Chris Bray: We are constantly looking for new trims, attachments, unique closures, etc. So sometimes a simple brass snap hook, buckle, or handle will inspire an entire bag design. We go to a lot of swap meets and flea markets to find ideas. I bought a very old English rifle sling recently that has a number of exceptionally well crafted brass fittings. The leather was shot but the fittings will be reworked and cast again at some point. Historic websites, military surplus shops, old movies, E-bay… all provide ideas and inspiration to build from.

Jon: See that’s really interesting, you almost work backwards from how I would’ve expected. Building the product around unique details, as opposed to building the product then figuring out the details. Obviously, much of this stuff is no longer in production and oftentimes the companies that made them no longer exist. How hard is it getting this stuff reverse engineered and produced? And as a guy who loves researching things a little too much, I’d imagine it takes some serious digging at times to source these pieces of hardware.

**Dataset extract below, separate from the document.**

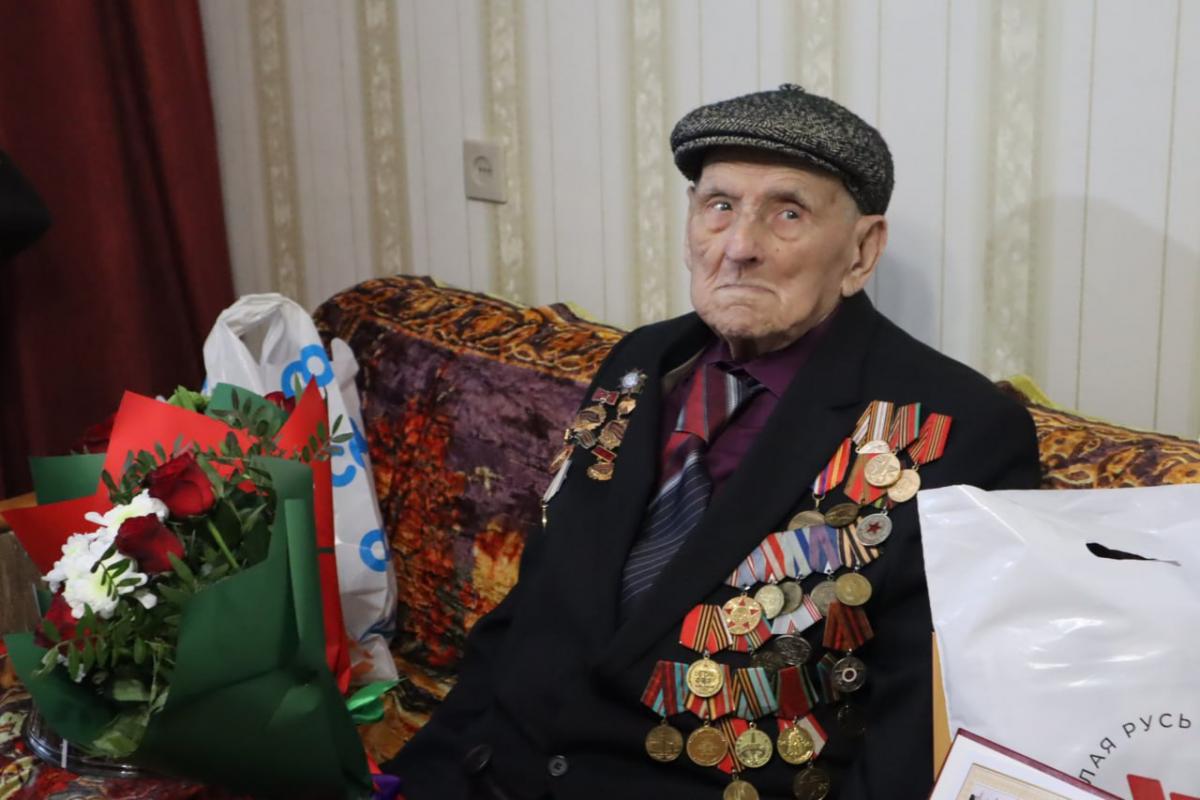 Правоохранители Могилева поздравили именинника со столетним юбилеем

Chris Bray: This is true. Companies that make hardware for the leather industry in the US are becoming nearly non existent. So digging around can get frustrating. The cost to make the goods here, trying to compete with China, fighting with the EPA and their taxes makes it very tough. One of our metal guys had the EPA out to his manufacturing plant and they told him he had to retro-fit his roof because of air quality issues. The bill was 200k. The EPA isn’t running around China, if you get my drift. A bunch of leather tanneries have had EPA issues and, again, there are a lot of Chinese based tanneries fighting for US based companies business. I know a few West Coast tanneries whose land was worth much more than what they made each year. So these 100+ year old tanneries closed their doors.

…after you have been designing in any given field or discipline, keeping it fresh and always finding a way to make it more interesting will only keep the fire burning. Much like a relationship…

So, in designing, I would say it goes both ways. Sometimes we will sketch a shape and then find the parts to make it function and be unique. Other times we will find a cache of buckles and buy them all up and build the item around that buckle. Since we do not buy from China and US-made hardware is becoming obsolete, we are casting more and more items out of bronze. More expensive initially, but in the long run (if the item sells well) it works out pretty good, plus we get a unique, one of kind piece.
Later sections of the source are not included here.